In early May, The Netherlands announced the return of seven archaeological objects to Iraq.

          In April, the Associated Press reported: “Italian police say they have recovered a 1st century Roman statue that was stolen from an archaeological site in 2011 and found in a Belgian antiques shop.”

          That same month the BBC reported, “A Mayan urn, made between 900 and 1600 AD, is returning to Mexico after spending more than 50 years at (Albion College) in the United States.”

          Also in April, the BBC reported: “Germany plans to return to Nigeria by next year some historical artifacts known as Benin Bronzes that were looted during the colonial era.”

          Repatriation, understanding, reconciliation, rightful owners: there seems to be a trend here in period human decency and doing the right thing.

          But, bucking this trend toward rapprochement, the University of Oklahoma has legally bludgeoned an 81-year-old French woman into dropping her claim to a family-owned Camille Pissarro painting that the Nazis looted from a French bank during World War II.

          Last month, BBC Correspondent Lucy Williamson wrote, “No-one disputes this story. But the painting itself, found hanging in an Oklahoma art gallery in 2012, is now the subject of an unusual custody agreement, and a bitter transatlantic dispute over restitution rights in cases of stolen Nazi art.”

          With the statute of limitations stacked in favor of recipients of looted artwork (the fence defense, I guess), Léone-Noëlle Meyer, the step-daughter of the couple who owned the painting before the Nazis stole it, said June 1: “After all these years, I have no other choice but to take heed of the inescapable conclusion that it will be impossible to persuade the different parties to whose attention I have brought this matter,” as reported by the BBC.

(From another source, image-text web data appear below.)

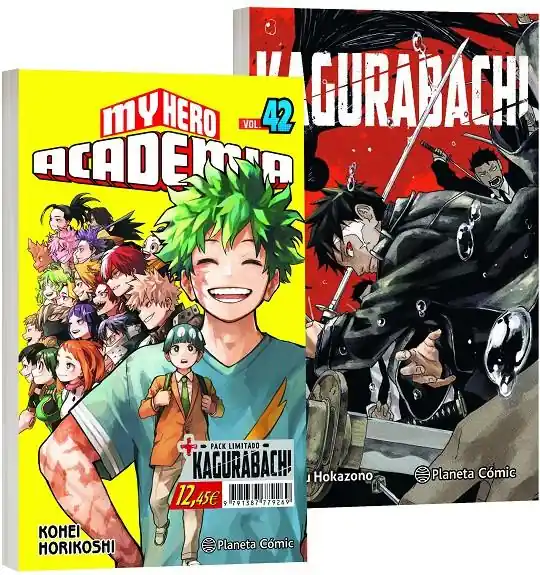 Descuento MY HERO ACADEMIA 42 + KAGURABACHI 01 PACK ESPECIAL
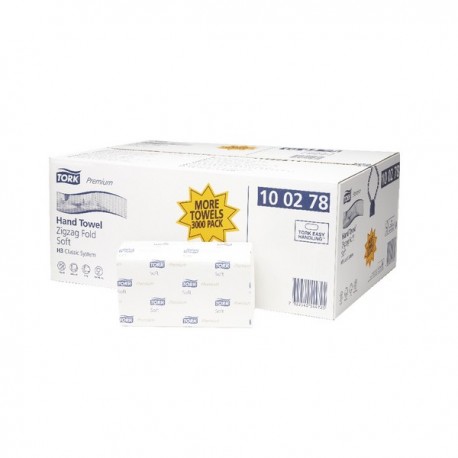 Tork H3 Single Fold Hand Towel Pk15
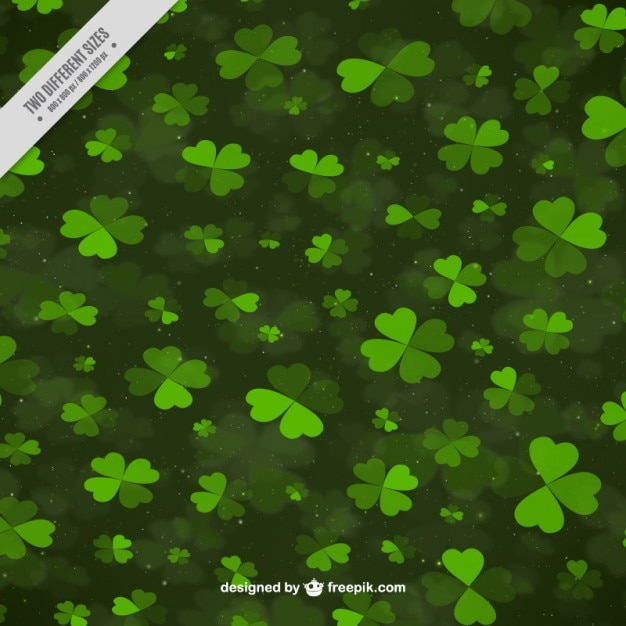 Free vector background full clovers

          The legal filings involved in this case would choke a shark. There was an artwork-sharing  agreement – maybe signed under duress. French courts had been asked to rule on the loss of a national heritage item and French law forbidding agreements in perpetuity. A U.S. district court, agreeing with OU’s lawyers, found Mrs. Meyer in contempt and fined her “$2,500 a day, in addition to legal fees – for as long as she continues the case in France,” according to Williamson.

          That art-sharing program will now go into effect, with the painting rotating between OU and a French museum every three years.

          Williamson noted the U.S. court’s “stinging rebuke” of Mrs. Meyer, saying she “’has largely forfeited whatever sympathy she might otherwise have been entitled to,’ having ‘entered into a rigorously negotiated settlement agreement… then violated that settlement agreement when it no longer suited her purposes.’”

          I dunno, Mrs. Meyer still has my sympathy. The painting belonged to her family. It was stolen by Nazis. A collector donated the painting to OU – with a mistaken provenance that no one denies.

          In her concession statement, Mrs. Meyer said she had been “heard but not listened to.”

          As the painting transits between OU and France, it will be “accompanied by a plaque outlining Mrs. Meyer’s family history.”

          I’m guessing the plaque won’t read: “The Nazis stole this, but OU ain’t giving it back.”